There are a number of them dotted around the place, but this particular sofa is helping keep one of Ballarat's most intriguing secrets.
Today staff pushed it back to reveal a displaced section of carpet covering a trapdoor.
The Courier was given access to the dank and gloomy cells beneath what was the Old Ballarat Gaol.
The repurposed building now houses Ballarat's brightest minds. In 1880, it housed Ballarat's most callous criminals.
Most of the cells have now been "sealed off", according to staff – a nice way of saying the clay and bluestone walls have caved in.
Now, the only known access to the rooms which housed bank robbers, bush rangers and murderers is a small trap door beneath the sofa in the library.
There were fears the air inside the access shaft and the cells themselves would be stale and make the visit impossible.

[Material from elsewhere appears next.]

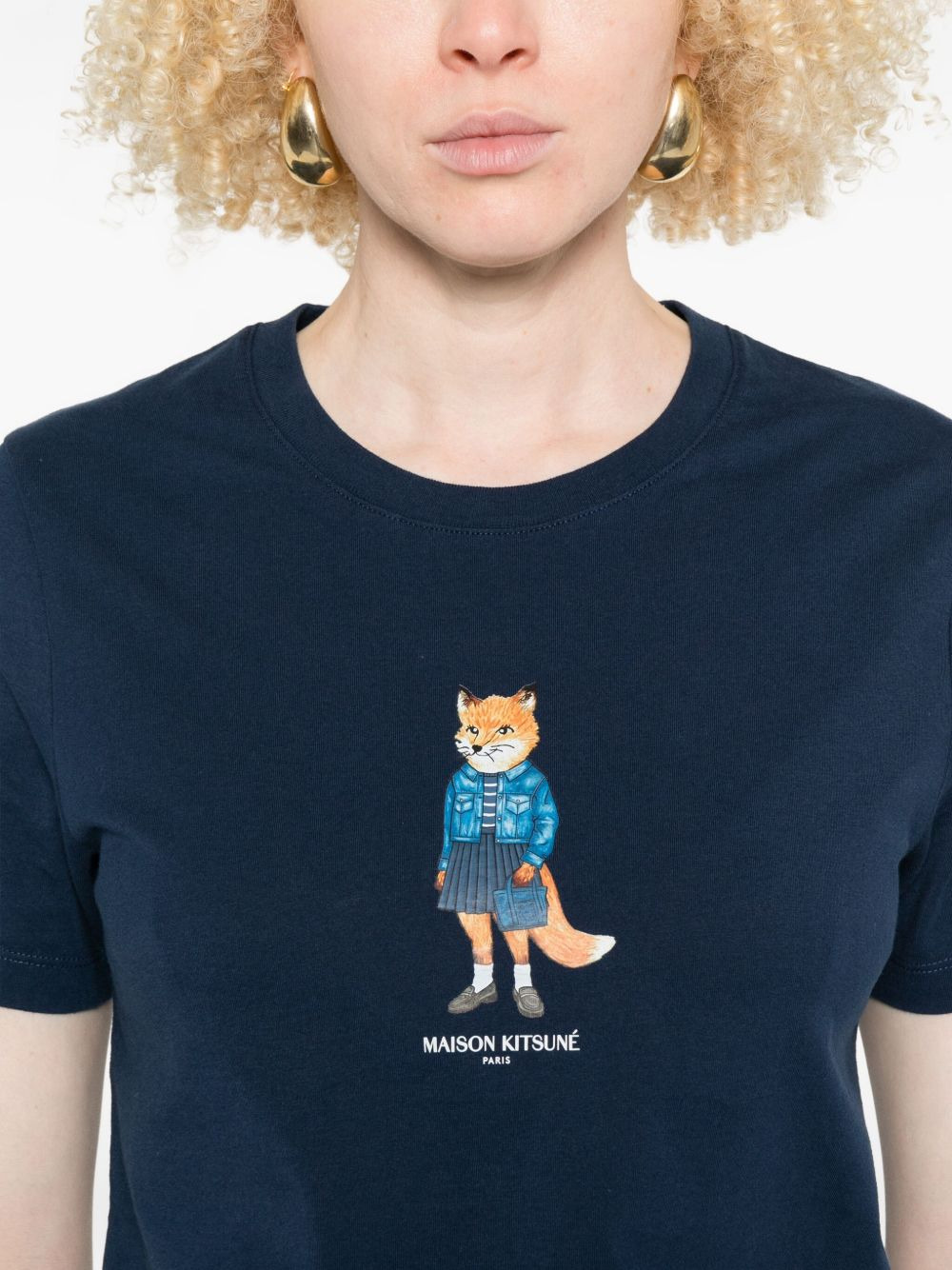 Dressed Fox print T-shirt - 5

A view of the dank corridor under the library. PICTURE: JEREMY BANNISTER
But as soon as the hatch was lifted, a cool breeze blew from the hole in the floor, confirming hidden tunnels – somewhere – were supplying the long forgotten area with some fresh air.
Just to be on the safe side, experts accompanied The Courier down the hole and into those places of solitary confinement with an oxygen meter.
The readings said levels were slightly lower than the air on the outside, but more than enough for sometime to survive – and take pictures.
Inside, a stone barrel-vaulted roof a little over 2m tall joined run-down clay and bluestone walls.
Moisture could be seen seeping through the cracks in the bluestone blocks creating an eerie, damp environment.
During its time in use between 1864 and 1908, 13 executions took place at the Ballarat Gaol – the highest number anywhere in regional Victoria.